# WHAT TO DO
In the entries below, find the line with "Vêtement de couleur" and the line with "KY license plate 935TZS". Print those two and everything between them exactly, and nothing else.

# EXTRACTED MATERIAL
● ● ● ●
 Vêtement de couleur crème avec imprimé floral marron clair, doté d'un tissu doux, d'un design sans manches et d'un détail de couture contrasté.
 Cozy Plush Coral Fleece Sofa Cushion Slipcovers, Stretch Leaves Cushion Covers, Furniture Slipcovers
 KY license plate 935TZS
● ● ● ●
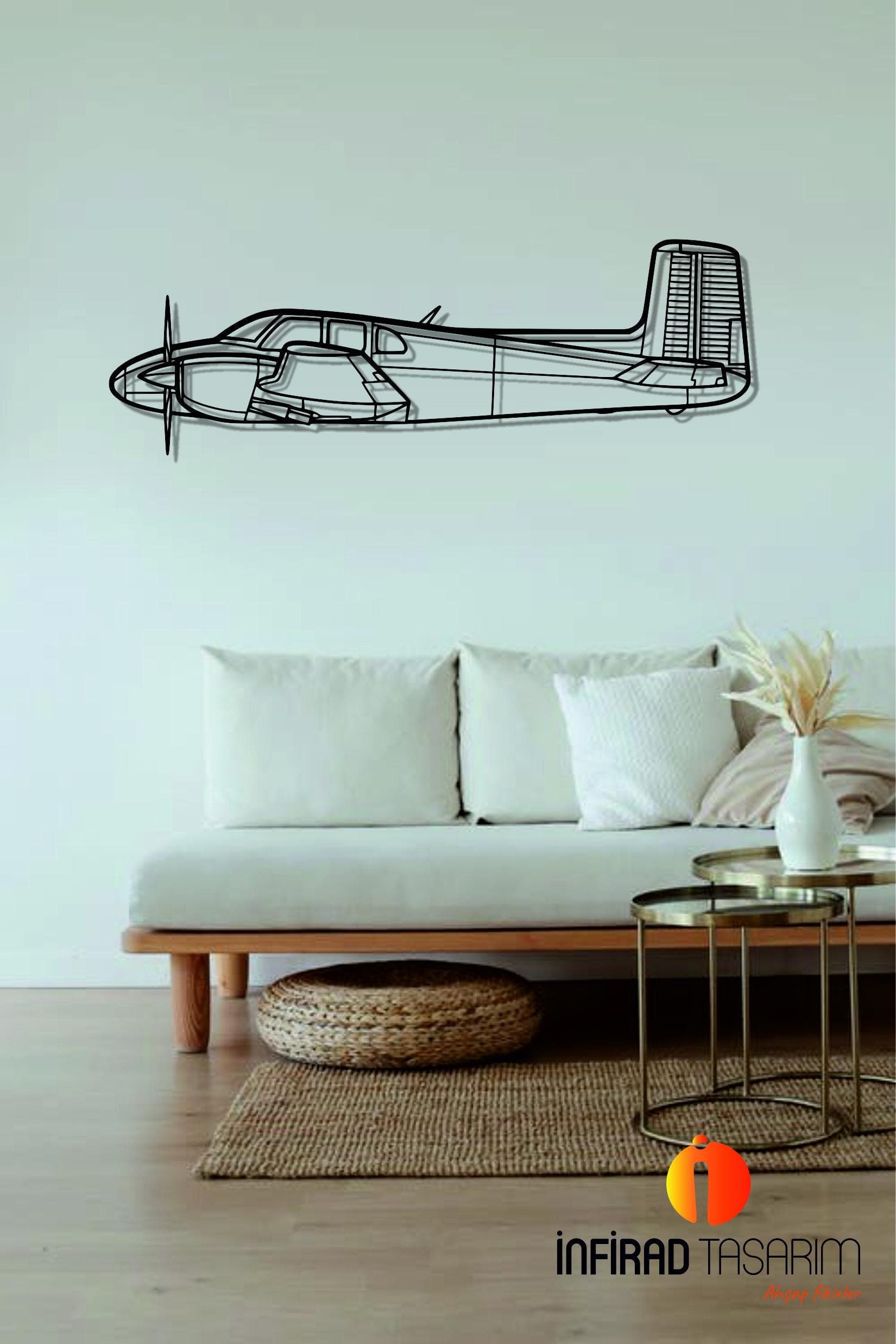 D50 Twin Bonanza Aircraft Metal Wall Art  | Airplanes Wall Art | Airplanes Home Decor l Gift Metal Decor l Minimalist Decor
● ● ● ●
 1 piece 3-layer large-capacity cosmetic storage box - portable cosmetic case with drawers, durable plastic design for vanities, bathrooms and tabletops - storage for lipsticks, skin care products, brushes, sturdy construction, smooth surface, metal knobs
● ● ● ●
# ANSWER BOX
 Vêtement de couleur crème avec imprimé floral marron clair, doté d'un tissu doux, d'un design sans manches et d'un détail de couture contrasté.
 Cozy Plush Coral Fleece Sofa Cushion Slipcovers, Stretch Leaves Cushion Covers, Furniture Slipcovers
 KY license plate 935TZS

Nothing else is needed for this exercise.